For those who want a change from the Gospel

Easter 2 – Exodus 14:10-31, 15:20-21

‘Sing to the Lord,
    for he is highly exalted.
Both horse and driver
    he has hurled into the sea.’ (Ex 15:21)

We’re probably used to this verse, to the point where we might even have lost the shock value of its complete political incorrectness. The complex story of the escape of the Israelites from Egypt and the destruction of Pharaoh’s army, told in chapter 14, goes beyond being a goodies vs baddies story. The language and the imagery used in the Hebrew text make it clear that this is not just an escape story: it’s actually about the struggle between creation and chaos. Back in Genesis 1 God begins his creation by confronting darkness and chaos, dividing the water (a potent symbol of chaos, as you will have seen if you have been an a dark beach during a night-time storm). The first man and woman are told to be fruitful, and are given meaningful work to do, working in harmony with what call ‘creation’. The writers of this story make it clear that what they want us to see in this story is a new creation, which is necessary because of the oppressive and chaotic reign of Pharaoh. The Israelites are indeed multiplying, but seeing that as a threat Pharaoh tries to limit their fruitfulness by killing their babies. Meaningful and enjoyable work is replaced by back-breaking slave labour. Pharaoh is asked nicely to stop it and let the people go, but in the end the only thing which will force his hand and break his hard-heated will is a series of events in which God uses the things he has originally created for destruction, and ultimately death. Finally the last barrier, the water of the Red Sea, is divided in two, with dry land appearing. But then it flows back, and the entire Egyptian army is wiped out.

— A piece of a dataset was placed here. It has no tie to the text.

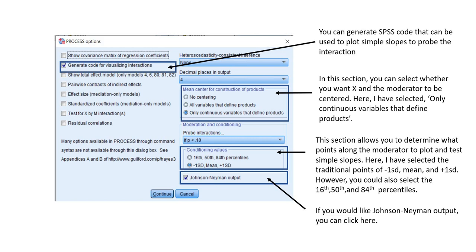When you click on Options, a box will open up. There are a couple of differences between this version and the version shown in the previous video, mainly in terms of placement of things in this menu. You'll see that we have 'Generate code for visualizing interactions' — I've selected that. We have 'Mean center for construction of products'; I've selected only continuous variables that define products for this demonstration. This is one of the things that was changed in terms of placement — in version 3.4 it was on the left, now it's on the right. Down below we have conditioning values: I've selected one standard deviation below the mean, the mean, and one standard deviation above the mean. And I've also selected Johnson-Neyman output.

There is an old rabbinic tradition which has angels around God’s throne wanting to sing songs of praise before their Lord, but being rebuked as God says “My handiwork [the Egyptians] are drowning in the sea, and you are reciting a song before me?”[1] What about loving your enemies? But the fact is that sometimes the only way for some people to receive freedom from oppression is for some other people to die. Oppressive empires are not disembodied entities, they are people selling their souls to evil, and refusing to act justly or mercifully. If you were to ask the people of the Ukraine how they would feel about the possibility of Vladimir Putin’s demise, I suspect there might be a few tambourines coming out. I doubt whether holocaust survivors shed too many tears after Hitler’s death in 1945. So when God worked his salvation for his people, it had to happen through the demise of other people, just as later the return from exile came because of the death of Babylonian king Nebuchadnezzar and the defeat of his oppressive nation by the Persians. Only as an evil empire is undone can a new age dawn. The Exodus really is a new creation, with nature itself working both destructively and creatively in the formation of a new people of God, the fulfilment of his promises to Abraham hundreds of years earlier.

Much Christian thought and indeed liturgy draws on the events of Ex 14 and 15 and sees in Jesus, and particularly in the Easter story, a new creation.

‘Christ our passover has been sacrificed for us: so let us celebrate the feast’,

begin the Easter Anthems. The baptism liturgy contains links between the water of the Red Sea and that in the font or baptistry, and some more of Paul’s writings remind us that like the Israelites we have been saved through water. But, as we would expect, Jesus’ working of the new creation has some important differences. It is not some cruel dictator who has to die in order that people can be free and recreated. It is Jesus himself, the sinless Son of God, and then, secondarily, it is us ourselves who have to die to sin so that we can be born anew to God. The Easter Anthems continue:

‘See yourselves therefore as dead to sin:  and alive to God in Jesus Christ our Lord.’

Our old sinful nature, the bit of us which rejects God and his rights over us as our Creator, has to be drowned so that we can rise to new life. Shed no tears for the old you: the new creation is here, won by Jesus on the cross. And pray for the eventual destruction of all that is evil and all those who unrepentantly pursue it.